BEGIN Input for this task

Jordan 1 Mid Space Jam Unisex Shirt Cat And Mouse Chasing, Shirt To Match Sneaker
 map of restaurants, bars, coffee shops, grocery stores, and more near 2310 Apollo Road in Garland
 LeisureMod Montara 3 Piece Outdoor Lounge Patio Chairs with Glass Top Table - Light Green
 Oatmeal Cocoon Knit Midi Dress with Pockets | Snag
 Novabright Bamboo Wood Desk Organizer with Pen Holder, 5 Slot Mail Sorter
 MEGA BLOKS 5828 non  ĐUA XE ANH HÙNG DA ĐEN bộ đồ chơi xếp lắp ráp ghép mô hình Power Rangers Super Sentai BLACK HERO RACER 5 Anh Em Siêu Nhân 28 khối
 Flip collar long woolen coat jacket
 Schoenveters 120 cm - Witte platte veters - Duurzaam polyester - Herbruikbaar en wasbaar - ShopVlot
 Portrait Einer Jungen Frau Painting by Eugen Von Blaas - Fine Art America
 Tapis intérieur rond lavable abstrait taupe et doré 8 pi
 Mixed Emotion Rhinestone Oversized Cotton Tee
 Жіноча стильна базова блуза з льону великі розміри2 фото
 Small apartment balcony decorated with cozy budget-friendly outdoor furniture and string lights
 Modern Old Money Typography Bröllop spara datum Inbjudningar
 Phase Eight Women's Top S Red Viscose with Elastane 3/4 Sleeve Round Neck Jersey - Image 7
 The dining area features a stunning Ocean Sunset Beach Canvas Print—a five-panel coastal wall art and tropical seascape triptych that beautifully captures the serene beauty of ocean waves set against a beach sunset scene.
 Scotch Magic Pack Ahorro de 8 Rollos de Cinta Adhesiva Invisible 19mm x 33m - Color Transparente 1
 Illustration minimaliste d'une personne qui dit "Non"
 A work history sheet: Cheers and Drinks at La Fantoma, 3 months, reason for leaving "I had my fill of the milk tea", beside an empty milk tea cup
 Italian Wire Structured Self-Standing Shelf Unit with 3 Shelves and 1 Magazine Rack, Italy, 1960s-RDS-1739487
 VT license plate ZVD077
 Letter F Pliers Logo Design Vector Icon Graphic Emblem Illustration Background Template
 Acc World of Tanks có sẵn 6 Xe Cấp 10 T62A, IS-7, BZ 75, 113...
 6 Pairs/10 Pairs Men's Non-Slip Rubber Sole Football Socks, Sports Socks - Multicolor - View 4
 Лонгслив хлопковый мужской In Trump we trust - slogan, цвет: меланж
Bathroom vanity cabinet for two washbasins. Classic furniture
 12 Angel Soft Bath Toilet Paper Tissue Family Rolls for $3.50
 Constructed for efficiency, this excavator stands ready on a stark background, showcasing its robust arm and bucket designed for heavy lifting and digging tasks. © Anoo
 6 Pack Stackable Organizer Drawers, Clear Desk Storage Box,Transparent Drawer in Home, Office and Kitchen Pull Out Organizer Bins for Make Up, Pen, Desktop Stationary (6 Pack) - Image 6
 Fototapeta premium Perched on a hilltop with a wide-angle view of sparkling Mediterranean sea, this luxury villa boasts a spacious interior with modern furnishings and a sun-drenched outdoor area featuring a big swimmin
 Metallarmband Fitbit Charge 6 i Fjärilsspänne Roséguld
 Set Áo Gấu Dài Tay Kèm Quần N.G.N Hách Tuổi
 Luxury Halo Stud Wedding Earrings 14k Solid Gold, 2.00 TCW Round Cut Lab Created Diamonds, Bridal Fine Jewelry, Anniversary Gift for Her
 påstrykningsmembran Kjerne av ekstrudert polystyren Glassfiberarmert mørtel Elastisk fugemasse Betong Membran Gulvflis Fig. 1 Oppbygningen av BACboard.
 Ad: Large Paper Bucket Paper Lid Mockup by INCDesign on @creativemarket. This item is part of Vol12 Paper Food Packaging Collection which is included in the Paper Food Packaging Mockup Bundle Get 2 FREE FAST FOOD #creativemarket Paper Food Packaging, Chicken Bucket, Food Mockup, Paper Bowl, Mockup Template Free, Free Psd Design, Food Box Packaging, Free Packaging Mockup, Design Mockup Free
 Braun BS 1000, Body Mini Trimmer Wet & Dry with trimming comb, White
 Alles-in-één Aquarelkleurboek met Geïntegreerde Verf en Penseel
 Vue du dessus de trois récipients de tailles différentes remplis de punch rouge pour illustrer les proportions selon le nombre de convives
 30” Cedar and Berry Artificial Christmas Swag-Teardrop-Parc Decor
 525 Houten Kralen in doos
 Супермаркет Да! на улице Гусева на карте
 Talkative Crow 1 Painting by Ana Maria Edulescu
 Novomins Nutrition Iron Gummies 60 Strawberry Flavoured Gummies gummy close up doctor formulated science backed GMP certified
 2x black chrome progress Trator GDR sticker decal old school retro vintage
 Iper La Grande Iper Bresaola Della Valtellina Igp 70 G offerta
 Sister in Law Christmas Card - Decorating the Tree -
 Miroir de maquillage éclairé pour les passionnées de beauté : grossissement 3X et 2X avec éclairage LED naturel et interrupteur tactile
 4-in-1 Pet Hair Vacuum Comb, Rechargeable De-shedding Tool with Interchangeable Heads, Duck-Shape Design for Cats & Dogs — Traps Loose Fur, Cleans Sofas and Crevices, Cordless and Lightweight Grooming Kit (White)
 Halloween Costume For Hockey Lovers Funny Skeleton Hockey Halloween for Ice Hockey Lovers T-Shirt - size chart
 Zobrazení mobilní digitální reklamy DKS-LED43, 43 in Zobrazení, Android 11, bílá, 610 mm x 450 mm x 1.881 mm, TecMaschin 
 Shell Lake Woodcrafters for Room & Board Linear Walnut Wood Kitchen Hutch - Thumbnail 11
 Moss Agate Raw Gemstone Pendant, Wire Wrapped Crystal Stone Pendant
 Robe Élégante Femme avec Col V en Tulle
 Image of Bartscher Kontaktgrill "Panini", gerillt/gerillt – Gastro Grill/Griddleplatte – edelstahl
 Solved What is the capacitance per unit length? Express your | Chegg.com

END Input for this task

:: What to work on ::
Among the entries above, how many lines include the word "avec"? Reply with the number only.

:: The answer ::
2